2D composite materials are made up of atomic layers of a hard material, like graphene or an MXene, usually a transition metal carbide, nitride, or carbonitride, separated by layers of something to bond the layers together. While large chunks of graphene or MXenes have bulk properties, the strength of 2D composites comes from interfacial properties.

“Because we’re using an interface material that we can modify by repeating sequences, we can fine-tune the properties,” Demirel said. “We can make it very flexible and very strong at the same time.”

He noted that materials can also have unique heat conduction regimes or properties, radiating heat in one direction more strongly than 90 degrees. The results of this work have been published in the Proceedings of the National Academy of Sciences.

“This material would be ideal for running shoe insoles,” Demirel said. “It could cool the foot and repeated bending would not break the sole.”

These 2D composites could be used for flexible printed circuits, portable devices and other equipment requiring strength and flexibility.

According to Demirel, the traditional continuum theory does not explain why these materials are both strong and flexible, but the simulations have shown that the interface is important.
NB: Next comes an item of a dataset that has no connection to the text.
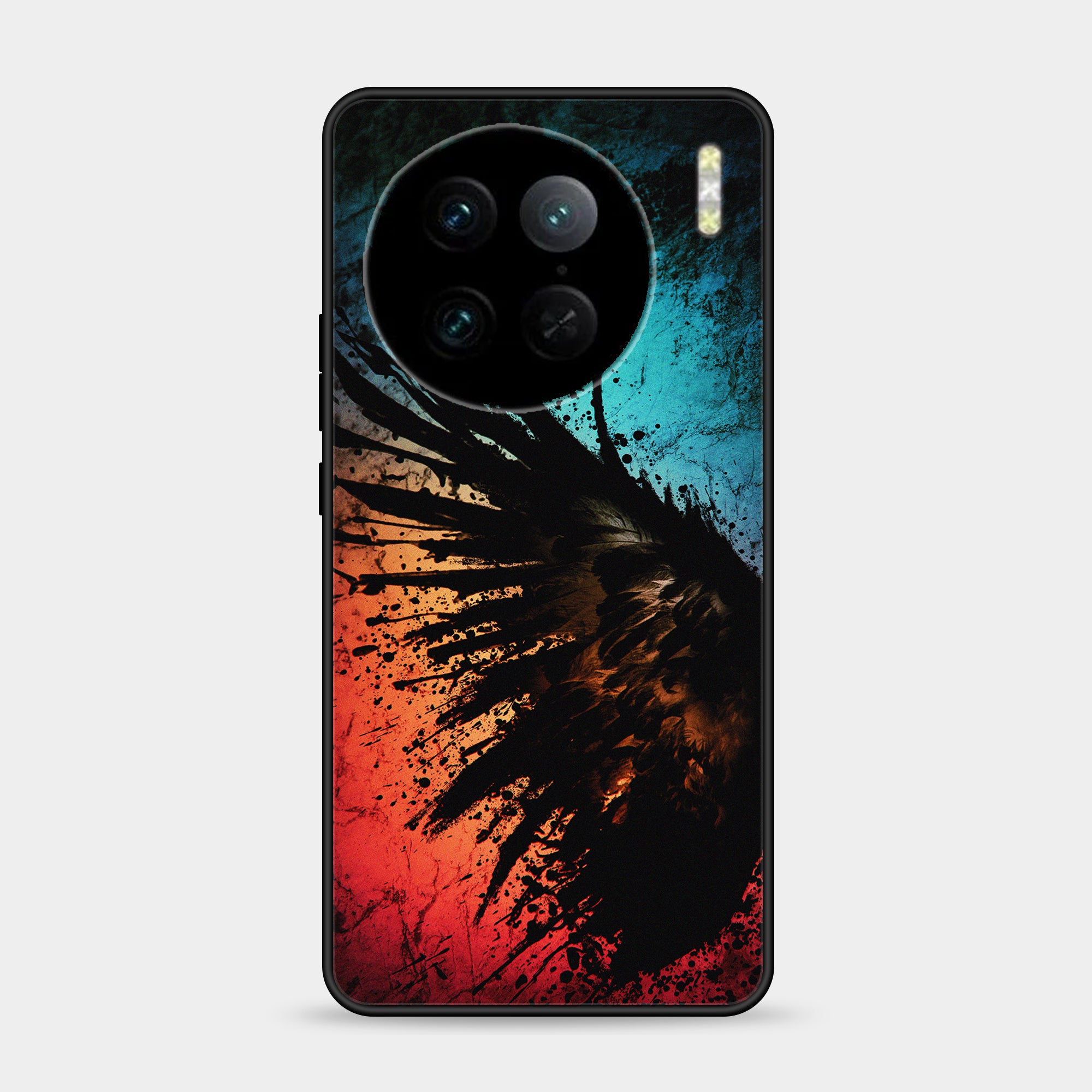 Vivo X90 Pro Design-009 Premium Glossy Phone Case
What apparently happens is that with a higher percentage of material made up of the interface, the interface breaks in places when the material is stressed, but the material as a whole does not break.

“The interface breaks, but the material doesn’t,” Demirel said. “We expected them to become compliant, but all of a sudden it’s not just compliant, but super stretchy.”

Others working on this project in the form of Penn State were Mert Vural, postdoctoral fellow; Tarek Mazeed, postdoctoral fellow; Oguzhan Colak, graduate student; and Reginald F. Hamilton, associate professor of engineering science and mechanics.

Dong Li and Huajian Gao, professor of mechanical and aerospace engineering, both at Nanyang Technological University in Singapore, were also working on this research.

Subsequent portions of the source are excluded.